1. 13
  1.  

    1. 2

      To disable it you pass a flag “–disable-experimental-malloc” which seems to suggest the feature is not stable? So why is it enabled by default?

      1. 3

        At a wild guess, features like this are introduced with flags (eg) --enable-experimental-malloc and --disable-experimental-malloc, with disabled being the default.

        Those who care to can set the disabled flag in their builds so that when defaults change their builds will keep working the same way.

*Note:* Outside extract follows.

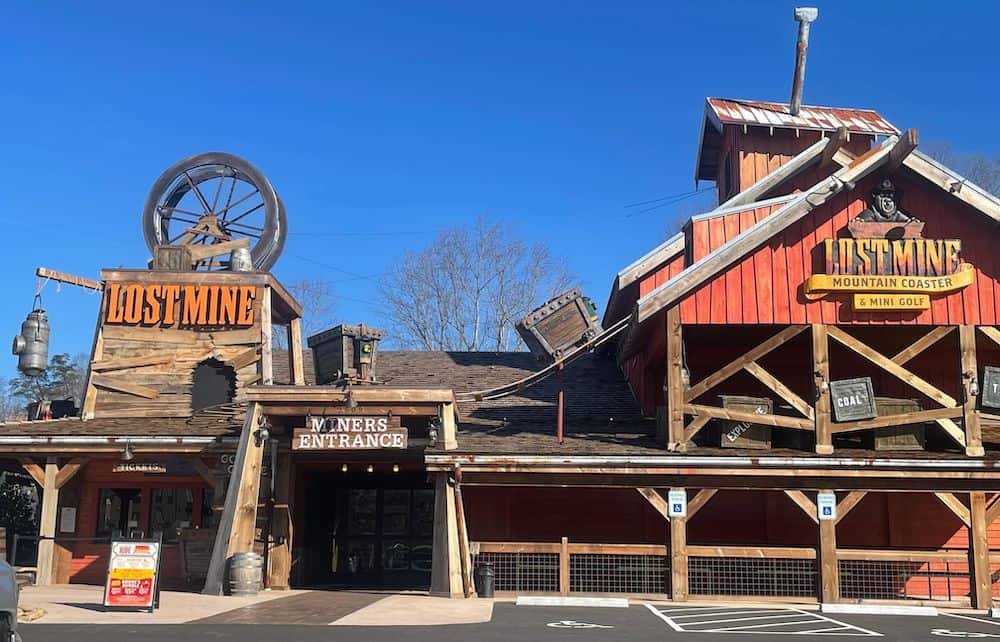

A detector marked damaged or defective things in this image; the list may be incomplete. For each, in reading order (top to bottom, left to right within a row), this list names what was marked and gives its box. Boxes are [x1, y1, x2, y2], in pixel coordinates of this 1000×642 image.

rusted metal roof panel [704, 97, 900, 135]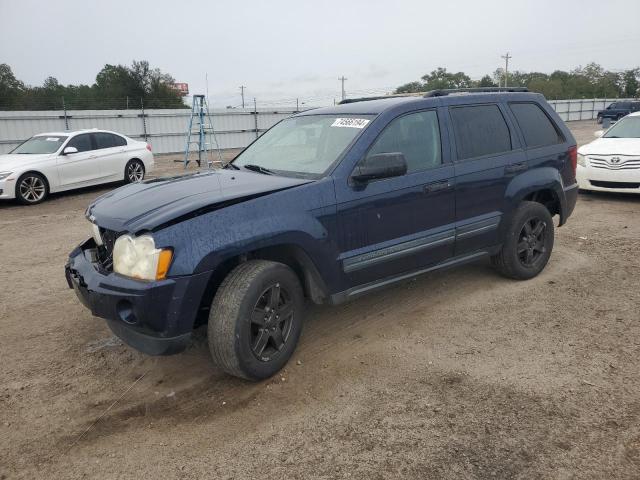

        Once the feature is stable, the default is changed but the flags are not renamed (to preserve compatibility).

      2. 1

        I’m no expert in memory management, so it’s not 100% clear to me what “cache” means in this context - AFAICT when the application “deallocates” memory, it isn’t actually freed at the OS level, so when the application allocates again there’s already spare memory available that can be used (thus avoiding a context switch). Is that correct? And if so, isn’t that what OpenSSL did that made safety tools like Valgrind useless with that codebase? (Presumably this won’t be a problem since it’s libc, not the application - I’m just curious.)

        1. 7

          The important word here is “per-thread”, not “cache”. malloc implementations need to maintain (explicit or implicit) data structure to account which memory is allocated. That means locking or atomics in multi-thread contexts. Having per-thread “ready to be allocated” memory avoids synchronization overheads.

          1. 4

            Yes, valgrind knows about malloc and free. The level of interest is things coming out of malloc and going into free. If you add layers on top of that, valgrind doesn’t know about them and doesn’t see what’s happening, because there’s nothing happening at the layer it’s looking at.

            1. 3

              AFAICT when the application “deallocates” memory, it isn’t actually freed at the OS level, so when the application allocates again there’s already spare memory available that can be used (thus avoiding a context switch). Is that correct?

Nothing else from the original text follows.